Alene Ren, 19, a Nanyang Junior College alumnus, enjoyed watching anime and observed that her ‘For You’ page is always “95 per cent filled with anime-related content”.
The app is also home to a myriad of user-generated content. “From comedy to beauty and dancing to fashion, anyone can express themselves with a TikTok video,” Audrey said.
She added: “Whenever I bake something, I would film the process. It makes me feel more productive even though I’m just staying at home the whole day.”
Whenever I bake something, I would film the process. It makes me feel more productive even though I’m just staying at home the whole day.
Second-year student at Ngee Ann Polytechnic Mannuela Hope Koh, 18, mainly posts videos of herself doing dance challenges and has amassed over 10,000 followers.
Mannuela’s dance videos, on average, receive 4,000 views and a few hundred likes. Photo courtesy of Mannuela Hope Koh.
Dance challenges are a craze on the app, which has witnessed the emergence of the iconic ‘Renegade’ dance, a fast-paced piece choreography attempted by more than 29.7 million users.
Not only are the dances “fun to learn”, practising the dance moves has also refined Mannuela’s skills. “My friend actually told me once that she saw improvement from when I first started,” she added.
TikTok’s influence has seeped its way into the youths’ daily lives, strengthening friendships in the process. For instance, Mannuela and her sisters would spend hours laughing over the videos and “randomly say TikTok references at home”.
Marc Ryan Tan, 18, recounted: “I made a video during my birthday party where my friends were just walking into my house and that alone received two million views, so of course we were extremely shocked.”

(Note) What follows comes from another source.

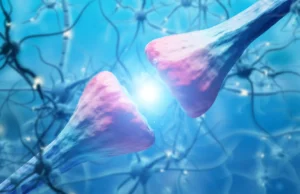 Cientistas descobrem proteína cerebral que provoca recaída de cocaína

During the circuit breaker, Marc (centre) would ask his friends to send videos, which he then edits and compiles. Photo courtesy of Marc Ryan Tan.
Amassing over 200,000 followers and 3.5 million likes, Marc is one of the most prominent Singaporean creators on the app. The Temasek Polytechnic student mostly posts videos of him and his friends attempting challenges or pulling pranks.

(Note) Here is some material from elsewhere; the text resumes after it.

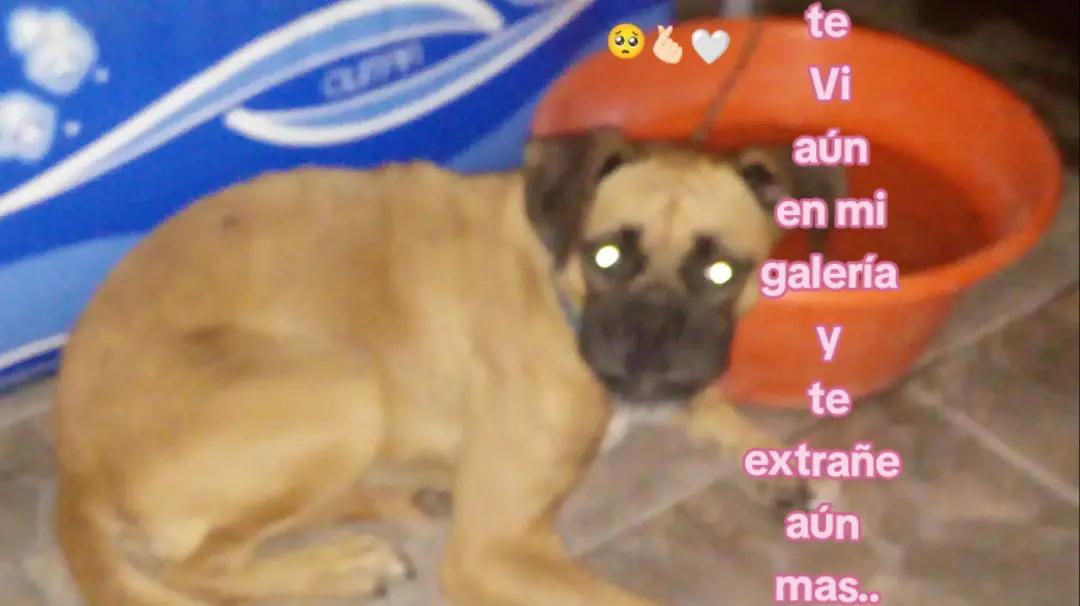 @☀️★~lola~★☀️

“I think [viewers] enjoy it because it’s a fun and lovable friendship, or maybe because a few of my friends are good looking. One of those or maybe both,” he said with a laugh.
Despite being relatively new in the scene, TikTok has already garnered a loyal following and rivals neck-and-neck with social media giants like Instagram.
“TikTok makes it fair for everyone to have a chance of going viral, since it doesn’t depend on the amount of followers you have to make it to the ‘For You’ page,” Marc explained.
TikTok makes it fair for everyone to have a chance of going viral, since it doesn’t depend on the amount of followers you have to make it to the ‘For You’ page.
In an interview with Digital Life Design, Snapchat founder Evan Spiegel said that TikTok’s focus on ‘talent-based’ rather than ‘status-based’ content may be key to surpassing Instagram.
TikTok ranks third in the statistics on the usage of various social media platforms. Photo by Jojo Tung.
Marc spends two to three hours on TikTok and prefers it over other social platforms. “Even now on Instagram, all I see are just reposts of TikTok videos.”
At the end of the day, it seems safe to assume that TikTok will continue to be Generation Z’s space for the simpler pleasures of life.
“TikTok is not a business or a job, so making [videos] is a very light-hearted activity to pass time,” Mannuela said.